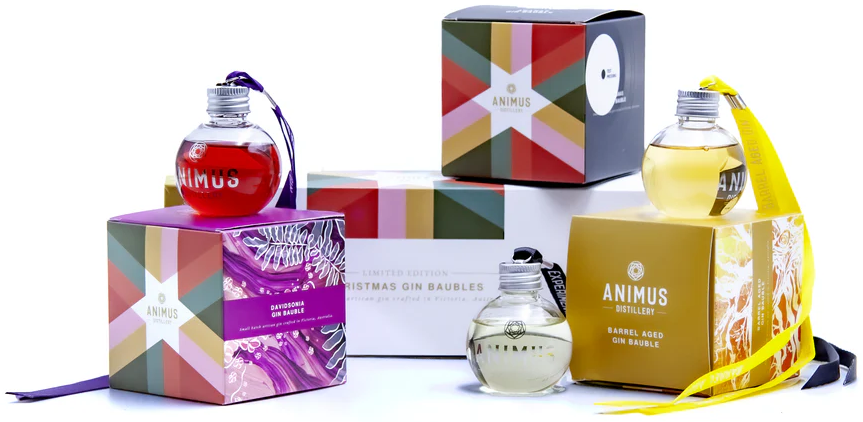 Buy Animus Christmas Gin Baubles Limited Edition 3 x 50ml Online at Bottle Stop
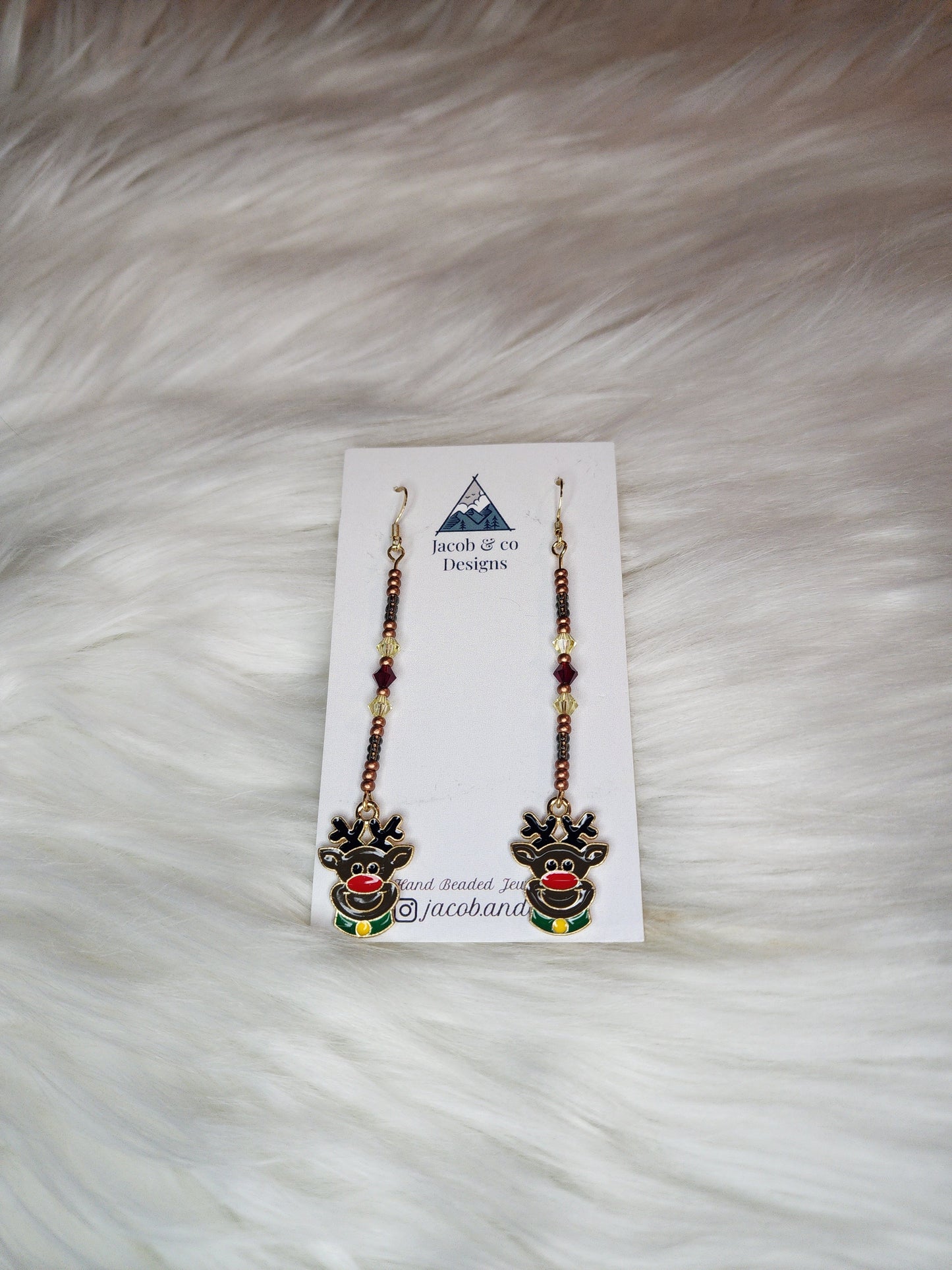 Straight Pin earrings - Reindeer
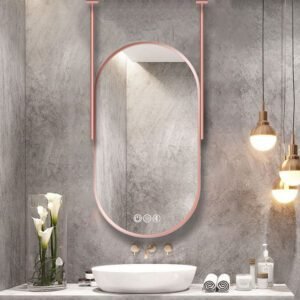 miroirs éclairés sur mesure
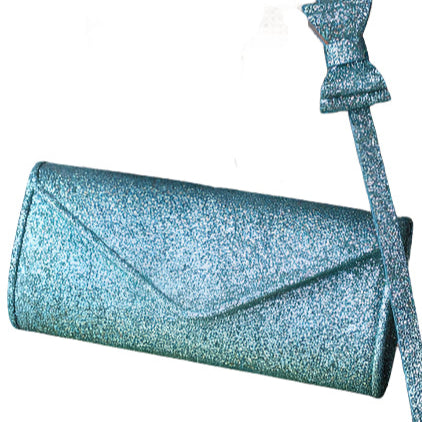 Retro Style Glitter Clutch Purse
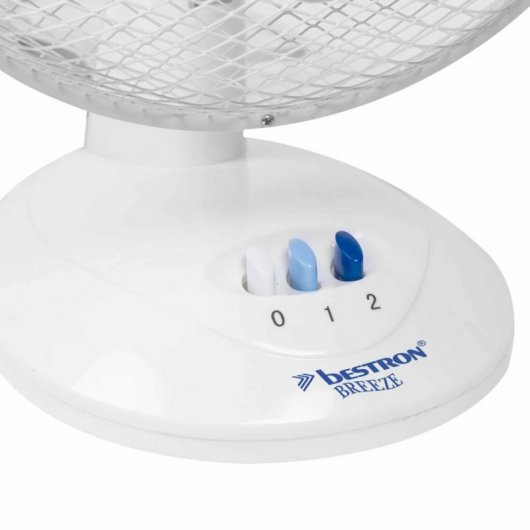 Bestron Ventilador de Sobremesa 30W Blanco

══════════

**Exercise:** Reproduce the full listing verbatim so that only the pictures are missing.

**Answer to this problem:**
 Buy Animus Christmas Gin Baubles Limited Edition 3 x 50ml Online at Bottle Stop
 Straight Pin earrings - Reindeer
 miroirs éclairés sur mesure
 Retro Style Glitter Clutch Purse
 Bestron Ventilador de Sobremesa 30W Blanco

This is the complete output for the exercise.